Short web captions
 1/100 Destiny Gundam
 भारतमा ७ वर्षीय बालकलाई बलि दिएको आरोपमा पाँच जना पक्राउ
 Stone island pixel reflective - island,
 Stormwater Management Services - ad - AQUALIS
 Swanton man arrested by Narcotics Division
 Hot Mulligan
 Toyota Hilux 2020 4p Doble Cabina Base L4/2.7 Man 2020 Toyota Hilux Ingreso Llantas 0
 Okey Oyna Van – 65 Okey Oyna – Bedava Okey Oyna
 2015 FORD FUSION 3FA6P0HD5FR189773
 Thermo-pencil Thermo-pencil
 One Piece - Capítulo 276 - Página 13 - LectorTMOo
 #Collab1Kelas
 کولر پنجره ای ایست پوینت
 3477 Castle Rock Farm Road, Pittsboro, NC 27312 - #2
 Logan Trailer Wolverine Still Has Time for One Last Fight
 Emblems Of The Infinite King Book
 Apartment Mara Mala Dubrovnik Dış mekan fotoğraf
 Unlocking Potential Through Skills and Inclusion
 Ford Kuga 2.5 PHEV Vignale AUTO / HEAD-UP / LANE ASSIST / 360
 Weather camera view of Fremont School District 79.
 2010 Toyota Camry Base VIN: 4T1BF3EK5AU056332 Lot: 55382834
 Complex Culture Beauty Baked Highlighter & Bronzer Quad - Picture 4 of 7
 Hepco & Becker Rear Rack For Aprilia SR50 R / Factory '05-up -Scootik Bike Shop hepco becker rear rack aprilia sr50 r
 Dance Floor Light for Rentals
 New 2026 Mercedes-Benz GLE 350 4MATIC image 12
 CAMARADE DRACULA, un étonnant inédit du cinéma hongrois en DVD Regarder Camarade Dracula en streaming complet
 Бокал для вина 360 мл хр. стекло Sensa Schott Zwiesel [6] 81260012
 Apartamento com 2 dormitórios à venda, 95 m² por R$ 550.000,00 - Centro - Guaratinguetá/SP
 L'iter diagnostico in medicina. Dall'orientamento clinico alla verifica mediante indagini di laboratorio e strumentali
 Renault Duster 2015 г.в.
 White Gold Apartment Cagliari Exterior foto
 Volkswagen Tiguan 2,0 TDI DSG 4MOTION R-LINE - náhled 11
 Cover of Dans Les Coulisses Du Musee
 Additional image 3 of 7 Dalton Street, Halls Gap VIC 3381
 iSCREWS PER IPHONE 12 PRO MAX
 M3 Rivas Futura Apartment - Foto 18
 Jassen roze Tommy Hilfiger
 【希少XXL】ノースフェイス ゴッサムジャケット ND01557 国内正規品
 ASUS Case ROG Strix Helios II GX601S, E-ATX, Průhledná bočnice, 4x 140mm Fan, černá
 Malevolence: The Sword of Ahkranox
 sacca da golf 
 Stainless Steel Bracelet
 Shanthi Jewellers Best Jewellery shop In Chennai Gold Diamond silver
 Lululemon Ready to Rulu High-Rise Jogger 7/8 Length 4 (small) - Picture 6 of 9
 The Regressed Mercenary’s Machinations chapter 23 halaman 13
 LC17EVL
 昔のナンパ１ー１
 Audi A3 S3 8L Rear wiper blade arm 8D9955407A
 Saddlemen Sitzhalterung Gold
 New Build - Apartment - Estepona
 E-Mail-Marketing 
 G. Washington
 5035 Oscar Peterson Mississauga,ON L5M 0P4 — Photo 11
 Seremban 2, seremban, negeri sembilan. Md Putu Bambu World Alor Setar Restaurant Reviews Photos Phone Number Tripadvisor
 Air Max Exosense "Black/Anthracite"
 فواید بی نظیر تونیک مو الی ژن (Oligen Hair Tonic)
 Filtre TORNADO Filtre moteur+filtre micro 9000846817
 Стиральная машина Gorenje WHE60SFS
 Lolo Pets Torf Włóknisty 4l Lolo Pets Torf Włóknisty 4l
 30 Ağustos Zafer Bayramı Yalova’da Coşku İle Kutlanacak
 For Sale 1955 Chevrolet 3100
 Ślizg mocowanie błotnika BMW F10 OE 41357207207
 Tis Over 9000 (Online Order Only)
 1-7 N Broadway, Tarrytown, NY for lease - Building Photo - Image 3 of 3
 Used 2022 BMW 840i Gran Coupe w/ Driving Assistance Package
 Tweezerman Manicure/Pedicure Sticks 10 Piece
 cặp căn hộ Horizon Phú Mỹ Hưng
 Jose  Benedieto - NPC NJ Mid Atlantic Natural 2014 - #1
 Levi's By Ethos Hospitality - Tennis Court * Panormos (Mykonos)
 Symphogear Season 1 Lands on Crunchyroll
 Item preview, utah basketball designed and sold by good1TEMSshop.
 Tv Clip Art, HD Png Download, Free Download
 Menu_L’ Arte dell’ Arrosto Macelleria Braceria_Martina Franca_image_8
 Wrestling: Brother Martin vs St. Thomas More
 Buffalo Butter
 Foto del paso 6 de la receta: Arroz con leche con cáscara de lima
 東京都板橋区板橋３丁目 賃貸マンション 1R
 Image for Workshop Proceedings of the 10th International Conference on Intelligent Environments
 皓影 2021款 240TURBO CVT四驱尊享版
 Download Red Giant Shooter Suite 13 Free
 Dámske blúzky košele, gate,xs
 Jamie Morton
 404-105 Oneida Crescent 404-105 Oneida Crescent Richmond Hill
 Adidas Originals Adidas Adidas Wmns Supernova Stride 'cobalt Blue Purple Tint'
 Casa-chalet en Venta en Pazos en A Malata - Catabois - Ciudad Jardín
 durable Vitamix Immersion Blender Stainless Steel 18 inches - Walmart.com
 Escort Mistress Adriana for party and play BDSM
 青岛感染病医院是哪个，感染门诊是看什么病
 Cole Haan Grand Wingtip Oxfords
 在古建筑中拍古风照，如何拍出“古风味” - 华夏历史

Exercise brief. Scan the data for the word "Free" and copy every line where it shows up.

Response below.
 Tv Clip Art, HD Png Download, Free Download
 Download Red Giant Shooter Suite 13 Free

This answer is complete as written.